Por convicción, procuro no llamar nunca a un 902, aunque a veces no queda otro remedio ya que, aunque lo tienen prohibido, algunas compañías insisten en basar sus servicios de atención al usuario en este maldito número. Ya en 2017 el Tribunal Europeo dictó una norma en este sentido ( enlace ). Pero las empresas se siguen llamando andanas y siguen insistiendo en esta forma de recaudar unos dinerillos adicionales. Hay páginas web promovidas por los usuarios ─ por ejemplo esta y esta─ en las que se puede localizar el número real que está detrás de un 902, pero la argucia no siempre funciona: las empresas detectan que estás llamando al real y te cortan la llamada informándote del 902 al que debes llamar. ¿Podríamos calificar esta actitud, simple y llanamente, como una estafa?

Cada vez más personas no disponen de teléfono fijo en casa, ya que incluso no lo son en realidad porque están basados en la línea de internet. Esta semana he sufrido dos averías en mi conexión a internet en casa, lo que implica quedarte «a oscuras», sin internet y sin el teléfono fijo que depende de internet. Para llamar a la operadora a comunicar la incidencia tienes que usar el móvil quieras o no. Pero la norma es no llamar a un 902 desde un móvil…

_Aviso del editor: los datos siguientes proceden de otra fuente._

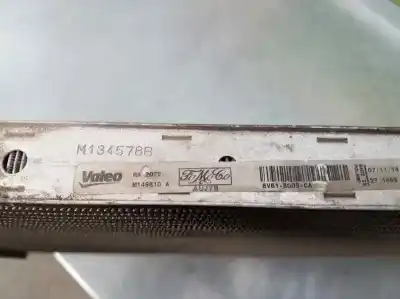 Автозапчасти б/у водяной радиатор за ford c-max trend ссылки oem iam 8v618005ca  m149810a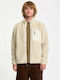 Muzzer Fuzzar Ανδρική Ζακέτα Sherpa Stone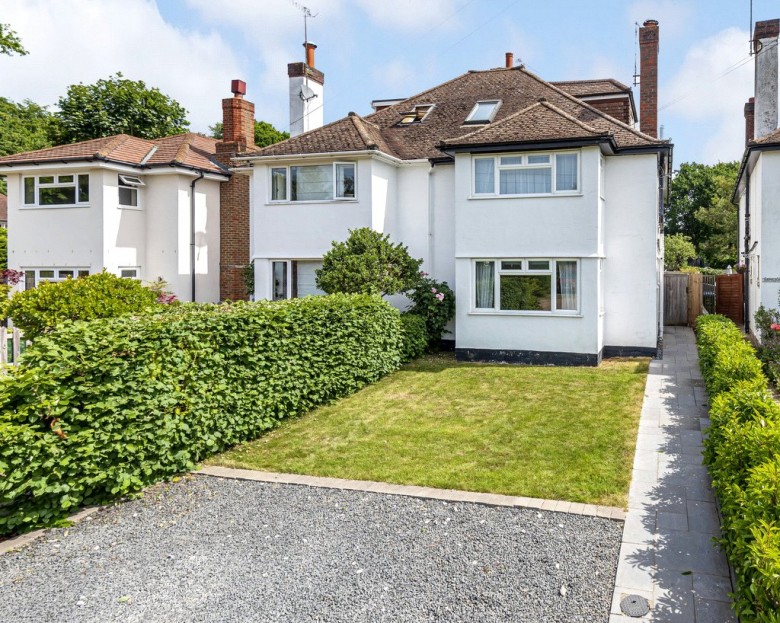 Click the photo for more details of Clock House Mead, Oxshott, KT22
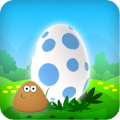 Egg for Pou Mod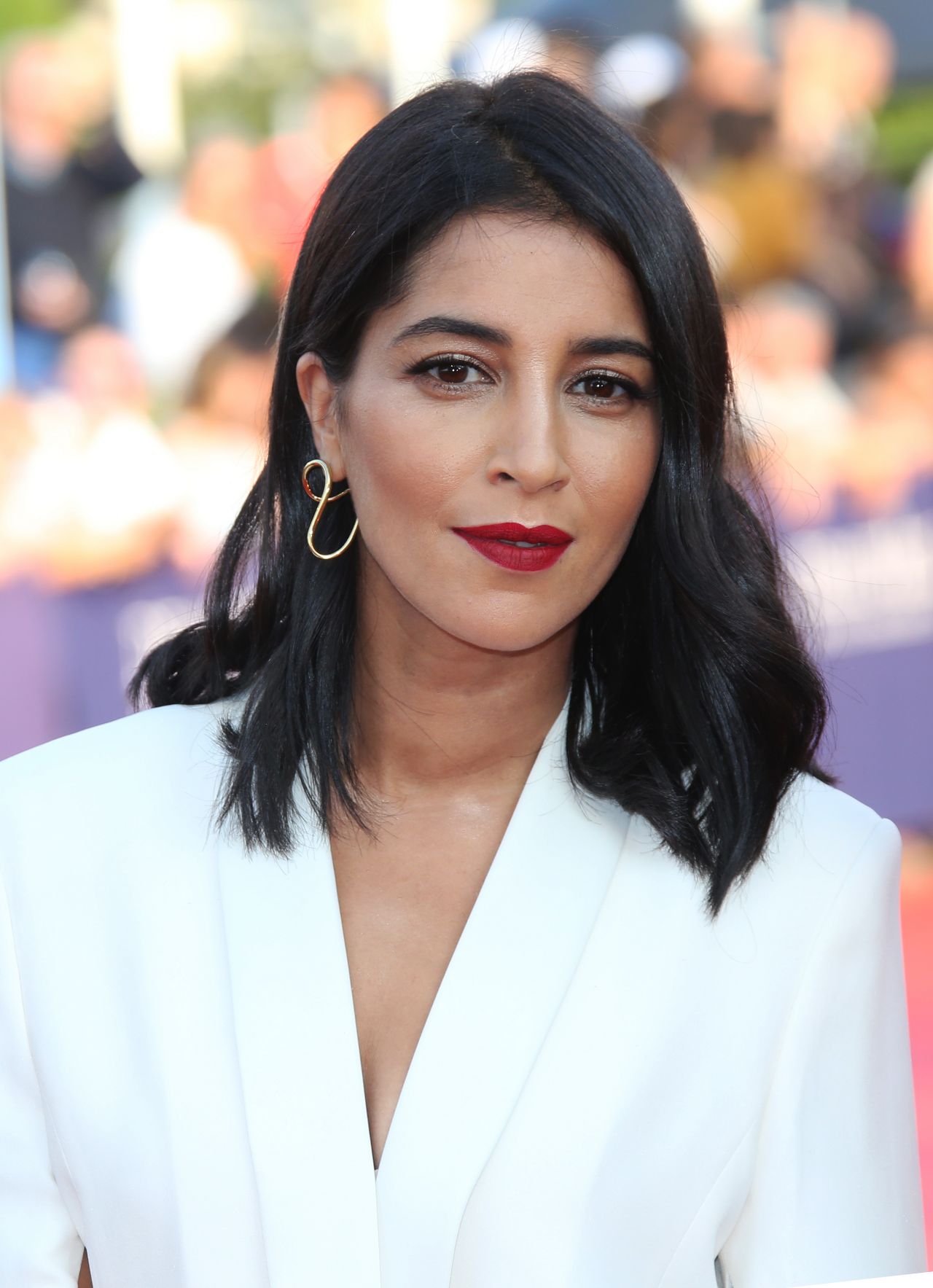 Leila Bekhti - 2018 Deauville American Film Festival ...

Lejos quedan aquellos años de los 905 y 906, tremendos timos que todavía subsisten en algunos 8xx, aunque presumo que la incidencia hoy en día es menor ya que la gente tiene cada vez más cuidado con estos asuntos. Lo realmente indignante es que empresas que se suponen serias sigan con estas triquiñuelas. Y son todavía unas cuantas: no quiero dar nombres aquí porque este es un mundo cambiante y esta entrada se puede leer dentro de unos meses cuando los datos no sean adecuados a la realidad. Pero busque en internet y seguro que todavía quedan algunas, por mucho tiempo que haya pasado. Como muestra hoy ─octubre de 2020─, busque en internet «Ryanair atención al cliente» y obtendrá como respuesta sendos números 902 para «Central de Reservas» y «Atención al cliente». Y no hace falta ser exhaustivo: a continuación, un pantallazo obtenido hoy de una conocida empresa aseguradora.

 

A raíz de diferentes noticias como la que encabeza esta entrada, parece que estos números truculentos tienen los días contados, aunque ya se sabe que las cosas de palacio van despacio. Si desde 2017 como poco este asunto debería estar solucionado, todavía deberemos esperar al próximo año para que salga la disposición y a buen seguro que tiene un periodo de implantación que seguramente será excesivo. Es lo de siempre, más de lo mismo, llevamos años sufriendo estos atropellos y todavía nos quedan algunos más.